足許の業況は悪化しているが、輸出回復と販価引き上げで年度下期は回復

―6月調査「日銀短観」の企業判断(H20.7.1)


【企業は足許の悪化を一時的な足踏みと見ている】
 本日(7月1日)発表された「日銀短観」(08年6月調査)によると、大企業の増収率(売上高の前年比増加率)低下と減益(経常利益の前年比減少)は、08年度上期がボトムとなり、下期は輸出の回復と販売価格の引き上げにより、早くも増収率の改善と増益に転じ、売上高経常利益率も回復に向かう計画となっている。
 上期の業況悪化にも拘らず、商品・サービスの需給はほとんど悪化せず、在庫は過剰となっていないため、企業は販売価格の引き上げを積極的に行う計画である。08年度の設備投資増加率は前年度を上回り、新卒採用計画も引き続き増加する。
 上期の業況悪化は、企業の足許と3か月先の業況判断の悪化に現れているが、その悪化幅は事前の予想ほどではなかった。
 今回の「日銀短観」から判断すると、企業は当面の業況不振を一時的な「足踏み」と見ており、「景気後退」の始まりとは見ていないようである。

【「業況判断」の後退は予想より小幅】
 詳しく見て行こう。
 まず、大企業の「業況判断」DIの「良い」超幅は、製造業で前回(3月)の11%ポイントから今回(6月)の5%ポイントへ、非製造業は同じく12%ポイントから10%ポイントへ悪化したが、今回の民間調査機関の平均予想が製造業で3%ポイント、非製造業で8%ポイントであったことを考えると、予想された程の悪化ではない。中堅・中小企業の「業況判断」DIも悪化したが、その悪化幅はやはり事前の予想ほどではなかった。
 しかし先行き(9月)については、大企業の「業況判断」DIの悪化はほとんど止まる予想となっているが、中堅・中小企業では更に悪化して行く予想となっている



【大企業の売上高は輸出を中心に年度下期に回復する計画】
 大企業の「業況判断」DIが先行きあまり悪化しない予想となっているのは、大企業が年度下期の業況回復を予想しているからと見られる。
 大企業の売上計画によると、製造業の輸出が08年度上期の前年比−0.3%の減少から、下期には同+3.7%の増加に転じるため、全体の売上高も、製造業は上期の同+3.3%から下期の同+3.6%へ回復し、非製造業も加えた大企業全産業も、上期の同+3.5%から下期の同+3.7%へ回復する計画である。
 しかし、中堅・中小業は、下期の売上高の伸びが更に低下する弱気の見通しを持っている。



【需給の堅調を背景に販売価格を引き上げる計画】
 このように大企業、とくに製造業が比較的楽観的な売上計画を持っているのは、上期の景気足踏みにも拘らず、需給はあまり大きく崩れないという強気の見通しがあるためと見られる。
 大企業製造業の「国内製商品・サービス需給判断」DIは、3月の「供給」超11%ポイントから6月の同10%ポイント、先行きも同10%ポイントとまったく悪化していない。「在庫水準判断」DIも「不足」超はあまり縮小していない。
 このような需給状況を背景に、仕入れ価格の上昇を販売価格の引き上げに転嫁する動きが広がると見られ、「販売価格判断」DIの「上昇」超幅は急速に拡大している。

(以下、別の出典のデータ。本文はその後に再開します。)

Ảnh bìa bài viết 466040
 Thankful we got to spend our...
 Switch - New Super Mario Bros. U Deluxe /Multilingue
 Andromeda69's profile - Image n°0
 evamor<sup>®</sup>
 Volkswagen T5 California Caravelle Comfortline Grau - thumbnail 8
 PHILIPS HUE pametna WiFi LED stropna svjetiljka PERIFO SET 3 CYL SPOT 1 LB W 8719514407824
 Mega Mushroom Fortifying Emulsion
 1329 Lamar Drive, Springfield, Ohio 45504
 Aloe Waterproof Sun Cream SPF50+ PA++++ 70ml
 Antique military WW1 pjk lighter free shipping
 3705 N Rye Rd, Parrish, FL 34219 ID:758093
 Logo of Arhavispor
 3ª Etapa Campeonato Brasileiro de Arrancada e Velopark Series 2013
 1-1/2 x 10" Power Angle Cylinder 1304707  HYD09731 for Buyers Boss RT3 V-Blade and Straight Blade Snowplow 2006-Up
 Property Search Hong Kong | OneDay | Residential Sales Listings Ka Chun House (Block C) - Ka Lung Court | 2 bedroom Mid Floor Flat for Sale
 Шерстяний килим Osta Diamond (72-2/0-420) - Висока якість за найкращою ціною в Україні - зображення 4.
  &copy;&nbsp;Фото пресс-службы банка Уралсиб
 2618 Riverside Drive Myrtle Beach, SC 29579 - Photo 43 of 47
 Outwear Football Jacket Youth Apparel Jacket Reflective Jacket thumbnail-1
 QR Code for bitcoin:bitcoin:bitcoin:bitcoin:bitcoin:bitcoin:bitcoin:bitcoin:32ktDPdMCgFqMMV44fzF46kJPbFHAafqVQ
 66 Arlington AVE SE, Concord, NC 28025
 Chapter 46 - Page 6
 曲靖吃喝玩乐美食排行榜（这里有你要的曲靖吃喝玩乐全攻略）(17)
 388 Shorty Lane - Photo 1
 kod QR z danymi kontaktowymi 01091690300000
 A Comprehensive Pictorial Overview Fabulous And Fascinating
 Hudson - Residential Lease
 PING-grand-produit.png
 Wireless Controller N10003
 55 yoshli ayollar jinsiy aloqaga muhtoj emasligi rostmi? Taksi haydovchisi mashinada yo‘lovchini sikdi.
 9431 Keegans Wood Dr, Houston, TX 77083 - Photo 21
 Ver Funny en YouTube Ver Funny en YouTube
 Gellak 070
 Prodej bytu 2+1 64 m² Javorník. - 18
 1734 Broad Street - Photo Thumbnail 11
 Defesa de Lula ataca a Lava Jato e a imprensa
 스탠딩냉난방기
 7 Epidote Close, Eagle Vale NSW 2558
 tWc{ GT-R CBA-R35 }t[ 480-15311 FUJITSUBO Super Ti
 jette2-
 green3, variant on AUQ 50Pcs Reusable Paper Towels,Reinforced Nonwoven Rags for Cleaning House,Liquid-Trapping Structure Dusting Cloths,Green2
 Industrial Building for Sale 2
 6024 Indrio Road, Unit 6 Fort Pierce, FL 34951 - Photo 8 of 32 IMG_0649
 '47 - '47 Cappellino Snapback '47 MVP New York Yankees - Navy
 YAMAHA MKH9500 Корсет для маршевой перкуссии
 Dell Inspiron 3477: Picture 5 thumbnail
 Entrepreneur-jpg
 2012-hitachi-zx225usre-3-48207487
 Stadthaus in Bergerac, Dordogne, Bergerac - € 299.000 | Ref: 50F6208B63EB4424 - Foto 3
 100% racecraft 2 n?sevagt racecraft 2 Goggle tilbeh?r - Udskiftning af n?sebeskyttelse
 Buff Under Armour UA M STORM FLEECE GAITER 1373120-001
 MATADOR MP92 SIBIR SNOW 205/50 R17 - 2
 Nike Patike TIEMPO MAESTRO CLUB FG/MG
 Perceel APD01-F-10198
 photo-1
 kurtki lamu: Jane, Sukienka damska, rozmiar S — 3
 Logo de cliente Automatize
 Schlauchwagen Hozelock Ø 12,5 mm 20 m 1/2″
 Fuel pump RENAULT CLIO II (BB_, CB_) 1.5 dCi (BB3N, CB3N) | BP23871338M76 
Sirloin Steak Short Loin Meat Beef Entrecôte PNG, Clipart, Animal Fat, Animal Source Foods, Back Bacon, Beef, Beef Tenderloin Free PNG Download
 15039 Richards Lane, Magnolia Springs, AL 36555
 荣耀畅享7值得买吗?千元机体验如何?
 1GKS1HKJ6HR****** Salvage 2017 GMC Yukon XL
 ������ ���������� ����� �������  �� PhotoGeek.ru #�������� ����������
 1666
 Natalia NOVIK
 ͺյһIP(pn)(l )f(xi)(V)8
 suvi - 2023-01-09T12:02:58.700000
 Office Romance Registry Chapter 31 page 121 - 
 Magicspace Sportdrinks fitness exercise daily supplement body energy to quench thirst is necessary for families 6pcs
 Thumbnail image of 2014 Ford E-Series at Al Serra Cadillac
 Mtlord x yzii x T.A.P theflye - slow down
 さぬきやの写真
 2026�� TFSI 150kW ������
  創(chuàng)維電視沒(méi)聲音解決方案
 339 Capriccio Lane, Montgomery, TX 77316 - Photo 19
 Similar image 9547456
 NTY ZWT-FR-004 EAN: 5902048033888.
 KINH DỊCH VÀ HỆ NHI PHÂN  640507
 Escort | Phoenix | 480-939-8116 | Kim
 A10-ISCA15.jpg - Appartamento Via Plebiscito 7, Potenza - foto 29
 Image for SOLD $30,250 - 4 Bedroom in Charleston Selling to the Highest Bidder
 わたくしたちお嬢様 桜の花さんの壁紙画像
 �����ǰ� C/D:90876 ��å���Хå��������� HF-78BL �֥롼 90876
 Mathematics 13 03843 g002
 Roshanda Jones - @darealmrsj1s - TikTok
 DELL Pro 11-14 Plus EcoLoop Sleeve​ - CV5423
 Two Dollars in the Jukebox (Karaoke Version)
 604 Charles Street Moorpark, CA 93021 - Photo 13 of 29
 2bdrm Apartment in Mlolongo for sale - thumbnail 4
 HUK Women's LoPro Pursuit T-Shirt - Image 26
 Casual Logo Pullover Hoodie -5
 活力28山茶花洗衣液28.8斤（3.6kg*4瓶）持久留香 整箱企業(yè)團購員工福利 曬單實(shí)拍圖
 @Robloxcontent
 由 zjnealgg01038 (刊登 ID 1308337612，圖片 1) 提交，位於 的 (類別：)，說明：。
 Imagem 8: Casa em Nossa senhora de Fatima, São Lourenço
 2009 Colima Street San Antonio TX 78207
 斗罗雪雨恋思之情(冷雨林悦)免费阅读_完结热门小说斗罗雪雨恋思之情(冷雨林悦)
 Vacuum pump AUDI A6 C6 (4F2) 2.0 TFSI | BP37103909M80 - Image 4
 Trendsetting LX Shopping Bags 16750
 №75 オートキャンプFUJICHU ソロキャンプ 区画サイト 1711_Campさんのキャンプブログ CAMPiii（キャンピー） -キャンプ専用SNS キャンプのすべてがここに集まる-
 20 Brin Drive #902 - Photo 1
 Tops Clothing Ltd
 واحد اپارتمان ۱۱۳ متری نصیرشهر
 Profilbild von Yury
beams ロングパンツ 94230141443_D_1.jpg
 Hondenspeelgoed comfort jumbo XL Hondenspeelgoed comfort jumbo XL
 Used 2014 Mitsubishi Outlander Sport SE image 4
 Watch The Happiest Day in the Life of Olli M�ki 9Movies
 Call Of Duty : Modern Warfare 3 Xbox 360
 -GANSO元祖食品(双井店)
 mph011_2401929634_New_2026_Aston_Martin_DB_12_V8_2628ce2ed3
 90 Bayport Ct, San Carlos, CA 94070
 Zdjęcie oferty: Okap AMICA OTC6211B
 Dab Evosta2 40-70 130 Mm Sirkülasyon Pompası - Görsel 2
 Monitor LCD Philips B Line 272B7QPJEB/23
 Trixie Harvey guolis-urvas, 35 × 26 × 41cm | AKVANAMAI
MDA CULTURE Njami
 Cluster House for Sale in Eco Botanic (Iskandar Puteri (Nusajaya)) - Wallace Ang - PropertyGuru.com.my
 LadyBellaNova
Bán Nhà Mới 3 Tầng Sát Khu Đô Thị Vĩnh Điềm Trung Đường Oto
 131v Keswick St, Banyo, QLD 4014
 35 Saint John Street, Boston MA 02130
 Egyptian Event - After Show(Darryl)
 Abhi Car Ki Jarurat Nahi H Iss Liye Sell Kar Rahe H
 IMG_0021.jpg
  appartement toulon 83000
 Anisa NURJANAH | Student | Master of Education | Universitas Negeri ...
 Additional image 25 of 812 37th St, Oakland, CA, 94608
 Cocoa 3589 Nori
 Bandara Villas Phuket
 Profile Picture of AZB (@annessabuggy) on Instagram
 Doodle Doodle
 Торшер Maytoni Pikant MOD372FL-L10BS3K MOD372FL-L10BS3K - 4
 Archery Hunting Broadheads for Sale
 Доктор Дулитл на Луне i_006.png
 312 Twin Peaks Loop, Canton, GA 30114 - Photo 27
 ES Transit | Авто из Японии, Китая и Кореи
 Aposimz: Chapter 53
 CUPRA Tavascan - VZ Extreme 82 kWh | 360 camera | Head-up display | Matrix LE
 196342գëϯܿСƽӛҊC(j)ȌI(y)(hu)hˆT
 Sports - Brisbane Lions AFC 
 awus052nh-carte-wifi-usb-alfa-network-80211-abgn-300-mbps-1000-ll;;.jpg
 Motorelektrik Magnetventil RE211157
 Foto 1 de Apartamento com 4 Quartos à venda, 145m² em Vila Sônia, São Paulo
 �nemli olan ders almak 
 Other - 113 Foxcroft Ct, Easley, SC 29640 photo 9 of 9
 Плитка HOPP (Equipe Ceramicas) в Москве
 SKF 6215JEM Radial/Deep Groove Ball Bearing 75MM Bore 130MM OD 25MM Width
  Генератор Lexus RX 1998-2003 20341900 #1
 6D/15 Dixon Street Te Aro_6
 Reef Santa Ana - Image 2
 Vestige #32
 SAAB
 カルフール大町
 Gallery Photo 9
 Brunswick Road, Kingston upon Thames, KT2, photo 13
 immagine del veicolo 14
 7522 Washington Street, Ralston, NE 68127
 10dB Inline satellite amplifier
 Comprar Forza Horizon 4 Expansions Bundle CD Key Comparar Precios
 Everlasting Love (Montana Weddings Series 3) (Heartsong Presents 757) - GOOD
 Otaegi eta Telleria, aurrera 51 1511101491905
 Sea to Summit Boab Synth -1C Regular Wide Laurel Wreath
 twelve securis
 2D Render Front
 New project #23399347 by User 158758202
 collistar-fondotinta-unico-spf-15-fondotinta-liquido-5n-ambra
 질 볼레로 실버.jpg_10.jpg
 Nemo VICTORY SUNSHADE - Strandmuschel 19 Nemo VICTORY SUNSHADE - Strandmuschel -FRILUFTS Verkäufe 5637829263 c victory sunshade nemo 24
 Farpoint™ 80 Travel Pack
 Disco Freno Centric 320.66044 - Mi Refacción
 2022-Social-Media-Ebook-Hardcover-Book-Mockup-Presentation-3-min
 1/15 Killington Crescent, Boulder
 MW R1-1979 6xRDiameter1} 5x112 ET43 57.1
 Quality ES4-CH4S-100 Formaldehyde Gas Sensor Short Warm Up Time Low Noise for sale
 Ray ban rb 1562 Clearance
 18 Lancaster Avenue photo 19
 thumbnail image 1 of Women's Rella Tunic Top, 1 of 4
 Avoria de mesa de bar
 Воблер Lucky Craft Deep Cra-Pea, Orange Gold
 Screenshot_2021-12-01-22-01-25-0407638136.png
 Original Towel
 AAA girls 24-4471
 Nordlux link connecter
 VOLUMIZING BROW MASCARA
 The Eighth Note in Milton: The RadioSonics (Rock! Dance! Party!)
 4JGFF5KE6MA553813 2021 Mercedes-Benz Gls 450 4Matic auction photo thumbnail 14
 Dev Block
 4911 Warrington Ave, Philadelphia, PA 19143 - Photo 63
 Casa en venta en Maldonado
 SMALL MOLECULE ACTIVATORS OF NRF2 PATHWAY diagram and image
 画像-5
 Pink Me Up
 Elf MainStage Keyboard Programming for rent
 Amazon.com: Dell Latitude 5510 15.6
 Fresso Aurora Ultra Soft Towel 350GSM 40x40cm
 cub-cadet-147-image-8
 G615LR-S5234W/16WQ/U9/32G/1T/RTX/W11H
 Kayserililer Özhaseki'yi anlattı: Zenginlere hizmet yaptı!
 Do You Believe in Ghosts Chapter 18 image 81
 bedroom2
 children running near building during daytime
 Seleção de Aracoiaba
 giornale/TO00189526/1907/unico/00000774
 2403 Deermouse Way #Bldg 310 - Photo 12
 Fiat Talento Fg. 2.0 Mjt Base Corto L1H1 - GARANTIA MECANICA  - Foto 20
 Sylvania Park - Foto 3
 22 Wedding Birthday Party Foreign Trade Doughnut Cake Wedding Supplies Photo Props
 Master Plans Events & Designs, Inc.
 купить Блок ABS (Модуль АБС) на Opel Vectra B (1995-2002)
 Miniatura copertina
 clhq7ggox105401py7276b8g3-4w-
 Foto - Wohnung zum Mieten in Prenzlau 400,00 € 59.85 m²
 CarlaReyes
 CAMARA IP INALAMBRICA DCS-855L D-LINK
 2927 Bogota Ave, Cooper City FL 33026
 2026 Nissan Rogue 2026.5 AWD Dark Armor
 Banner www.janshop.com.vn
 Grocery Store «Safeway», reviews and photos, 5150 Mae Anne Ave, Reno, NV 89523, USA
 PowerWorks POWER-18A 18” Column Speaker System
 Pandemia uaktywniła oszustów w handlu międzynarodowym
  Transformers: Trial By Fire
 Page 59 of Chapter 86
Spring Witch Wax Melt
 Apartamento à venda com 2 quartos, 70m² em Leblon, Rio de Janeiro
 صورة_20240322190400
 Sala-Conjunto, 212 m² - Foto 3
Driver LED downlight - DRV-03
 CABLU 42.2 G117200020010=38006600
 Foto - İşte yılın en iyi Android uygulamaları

【08年度下期には増益に転じ売上高経常利益率も回復する計画】
 売上高の回復と販売価格の引き上げにより、07年度下期と08年度上期に減益となった企業の経常利益は、大・中堅・中小の各規模で08年度下期に増益に転じる計画となっている。
 売上高経常利益率も、2半期連続して低下したあと、08年度下期には早くも回復する計画である。

 もっとも、年度でくくると、08年度上期の落ち込みが大きいため、大企業は07年度の+0.6%増益から08年度は−7.0%の減益に変わり、売上高経常利益率も5.06%から4.54%に低下する。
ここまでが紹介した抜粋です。